Zweieinhalb Minuten nach Neff kam dann Sina Frei ins Ziel und meinte: „Am Anfang war es ein bischen schade, ich war gut mit dabei, aber mir ist (zu Beginn) die Kette rausgesprungen und ich musste in die Tech-Zone. Aber damit war der Zug für mich heute leider abgefahren. Ich bin schon mit Silber zufrieden, aber mit dem hohen Niveau hier wie bei einem kleinen Weltcup bin ich zufrieden. Die Strecke war cool und hat Spaß gemacht. Und ohne Zuschauer war es schon schade; mit wäre es wohl lauter gewesen.“

Platz drei an Indergand
Sechs Sekunden hinter Frei konnte Linda Indergand einen soliden dritten Podiumsplatz einfahren: „Ich bin selbst zufrieden mit meiner Leistung; in Leukerbad war ich noch enttäuscht. Und heute haben Sina und ich gut harmoniert. Aber sie war dann im zweiten Teil stärker und nichts desto Trotz bin ich zufrieden. Ohne Zuschauer war es sicher speziell, aber im Rennen kämpft man eigentlich eh eher mit sich selbst.“

Juniorin fährt im Frauenfeld
Besonders erwähnenswert ist auch die top Leistung der Siegerin bei den Juniorinnen. Elisa Alvarez (jb BRUNEX Felt Factory Team) blieb mit 59:16min. für die gesamte Renndistanz unter einer Stunde. Durch den zusammengelegten Start mit den Elite Frauen konnte Alvarez in ihrem ersten Jahr in der Juniorenklasse ihr Talent zeigen und weit in das Feld der Frauen Klasse hineinfahren.
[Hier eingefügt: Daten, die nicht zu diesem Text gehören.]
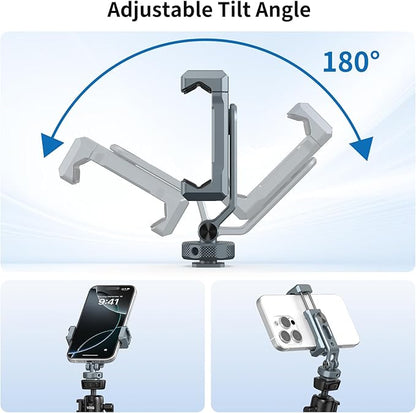 VRIG PH-18 Metal Phone Tripod Mount with Cold Shoe & 1/4"-20 Screw Holes, 360° Rotation Horizontal & Vertical Shooting, Adjustable Angle Smartphone Holder Tripod Adapter for iPhone, for Samsung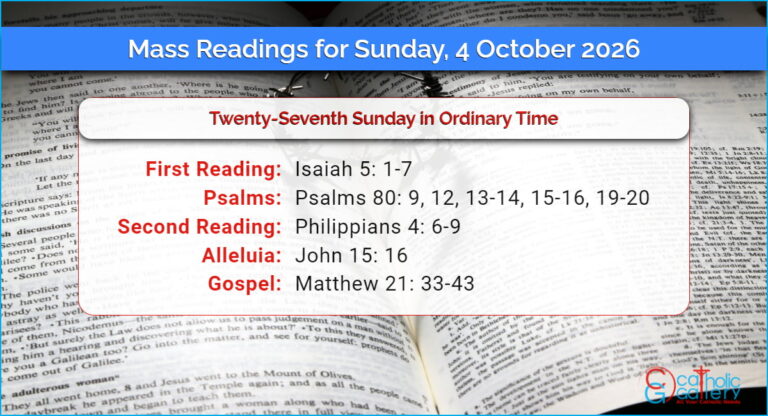 Daily Mass Readings for Sunday, 4 October 2026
1. Jolanda Neff (Trek Factory Racing) 1:23:22h
2. Sina Frei (Ghost Racing) 1:25:52h
3. Linda Indergand (Maloja Pushbikers MTB Team) 1:25:57h

Mathias Flückiger, Nino Schurter mit Tochter, Lars Forster © 2020 Human Sports Management AG
Mathias Flückiger, Nino Schurter mit Tochter, Lars Forster © 2020 Human Sports Management AG

Schurter attackiert mehrfach, bis es endlich klappt
Bei den Herren versuchte Dauerweltmeister Nino Schurter schon in der zweiten und dritten Runde wegzukommen, was ihm aber nicht gelang: „Da wusste ich, dass es hart werden würde, heute. Erst in der letzten Runde nach der fünften Attacke bin ich dann ein bischen weggekommen.“ Der Mann aus Chur, der sich mit seinem späteren Sieg bereits sein neuntes Meistertrikot holte, hatte mit Mathias Flückiger einen starken Konkurrenten und meinte dazu: „Schweizer Meisterschaften sind immer das Höchste an Meisterschaften, das man haben kann (außer EM/WM). Am Anfang habe ich davon profitiert, dass Lars (Anm. d. Autors: sein Teamkollege Lars Forster) hinter mir war. Da konnte ich mich einfach an Mathias (Flückiger) dran hängen. Heute war ich mir nicht sicher; Mathias hat wirklich einen starken Eindruck gemacht.“

Mathias Flückiger meint, es war „traurig. Aber es ist so, wie im Weltcup zur Zeit zweiter zu werden: Es ist schon gut. Ich konnte heute ein paar Sachen umsetzen, die mir letzte Woche noch nicht so gelungen waren. Die Strecke hat mir sicher nicht so gelegen; es war eine Rollerstrecke. Am Ende hat Nino das gemacht, was ich eigentlich vor hatte: Er hat an der letzten Tech-Zone überholt, wo ich es nicht erwartet hatte. Wenn ich nicht geführt hätte, hätte Lars aufgeholt und das wollte ich nicht. Deshalb habe ich das Tempo hochgehalten. Man kann es sehen wie man will: Ohne Nino als Konkurrenten wäre ich sicher nicht so gut wie ich es bin und meine Karriere würde deutlich anders aussehen. Ich komme immer näher heran, ihn zu schlagen und wenn ich es irgendwann kann, ist es viel mehr Wert als ohne ihn.“

Forster kann nicht mitgehen, wird aber dritter
Lars Forster (Scott-Sram) war dabei, als sich die Gruppe vorne gebildet hatte und „Nino einmal das Tempo erhöht hat. Und ab da war ich eigentlich nur noch am Verfolgen. Aber ich bin zufrieden. Die Atmosphäre war komisch (Anm. des Autors: wg. der fehlenden Zuschauer); es gibt sicher angenehmeres, aber in der aktuellen Situation können wir froh sein, Rennen fahren zu dürfen“, kommentiert Forster das Rennen.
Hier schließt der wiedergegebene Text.